*** Available data Section Begins ***

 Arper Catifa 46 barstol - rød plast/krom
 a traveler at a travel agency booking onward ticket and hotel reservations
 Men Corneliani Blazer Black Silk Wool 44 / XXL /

*** Available data Section Ends ***
*** Available data Section Begins ***

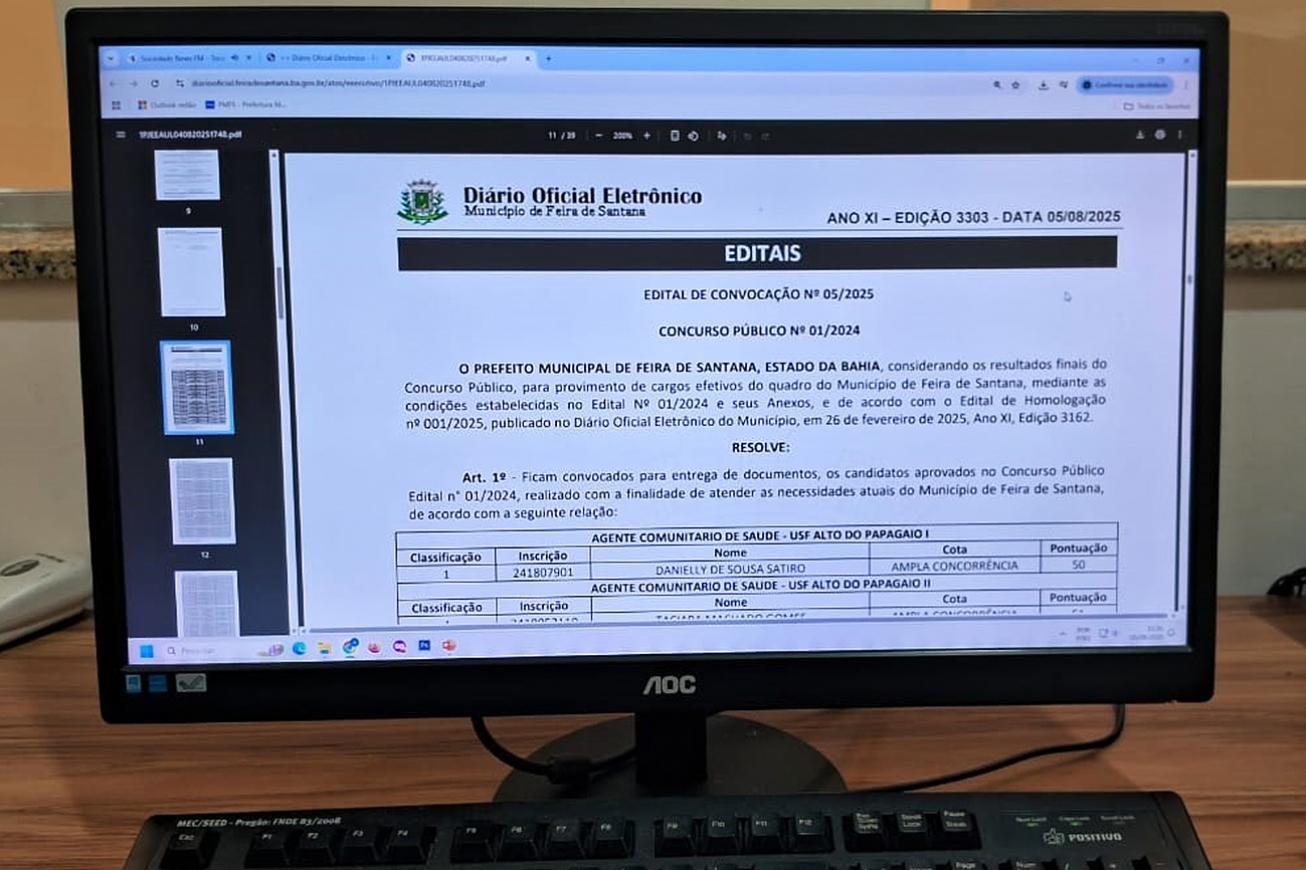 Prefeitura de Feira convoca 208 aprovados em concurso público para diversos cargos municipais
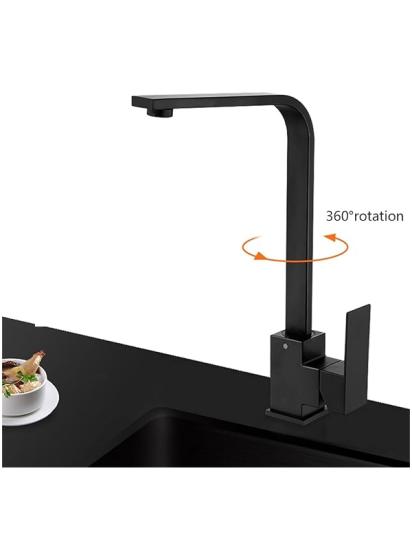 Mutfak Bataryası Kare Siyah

*** Available data Section Ends ***
*** Available data Section Begins ***

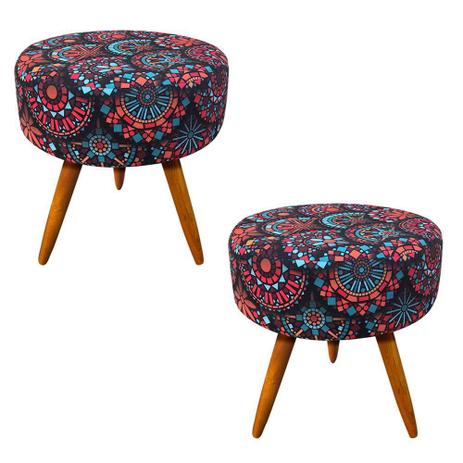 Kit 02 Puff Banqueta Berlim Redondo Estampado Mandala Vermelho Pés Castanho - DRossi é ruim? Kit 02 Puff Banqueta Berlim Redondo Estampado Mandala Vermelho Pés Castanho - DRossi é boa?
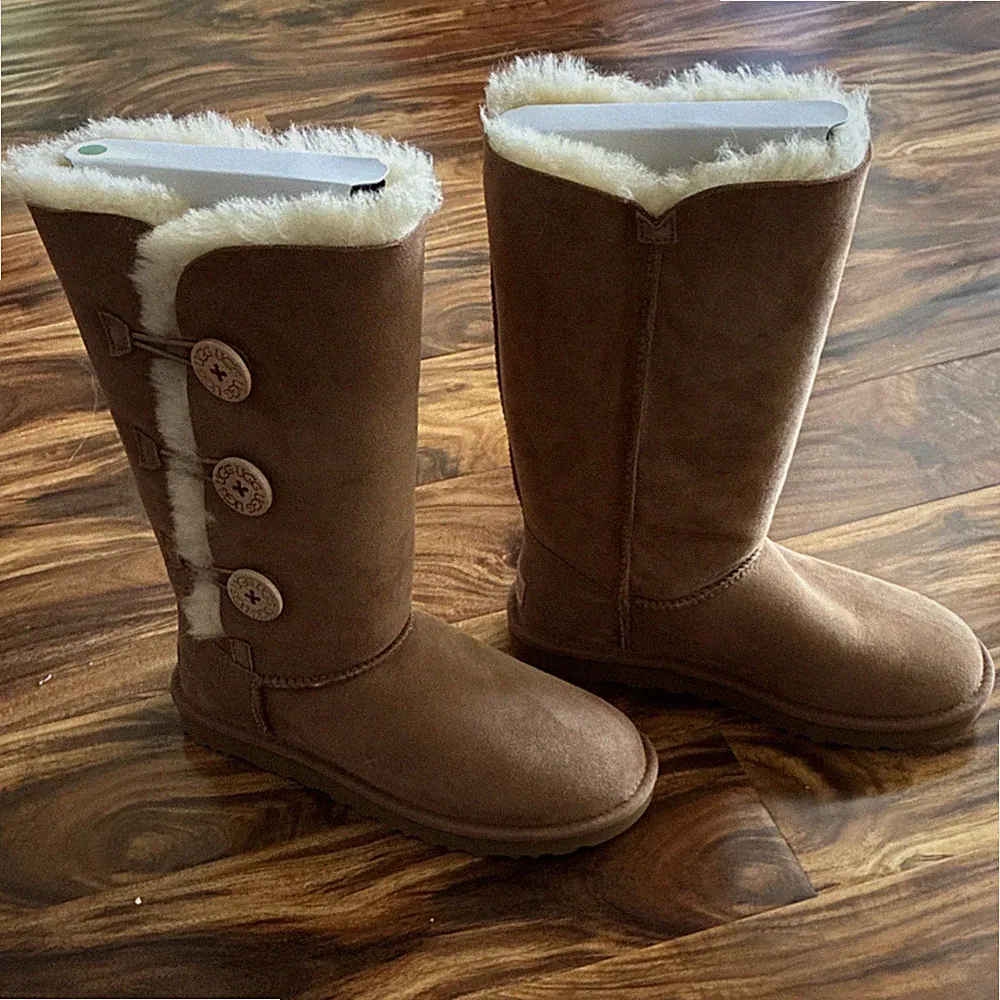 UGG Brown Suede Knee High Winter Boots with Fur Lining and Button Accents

*** Available data Section Ends ***

In the entries above, find the line with "DRossi é boa?" and the line with "UGG Brown Suede". Write out exactly those two lines and every line between them, pictures excluded.

 Kit 02 Puff Banqueta Berlim Redondo Estampado Mandala Vermelho Pés Castanho - DRossi é ruim? Kit 02 Puff Banqueta Berlim Redondo Estampado Mandala Vermelho Pés Castanho - DRossi é boa?
 UGG Brown Suede Knee High Winter Boots with Fur Lining and Button Accents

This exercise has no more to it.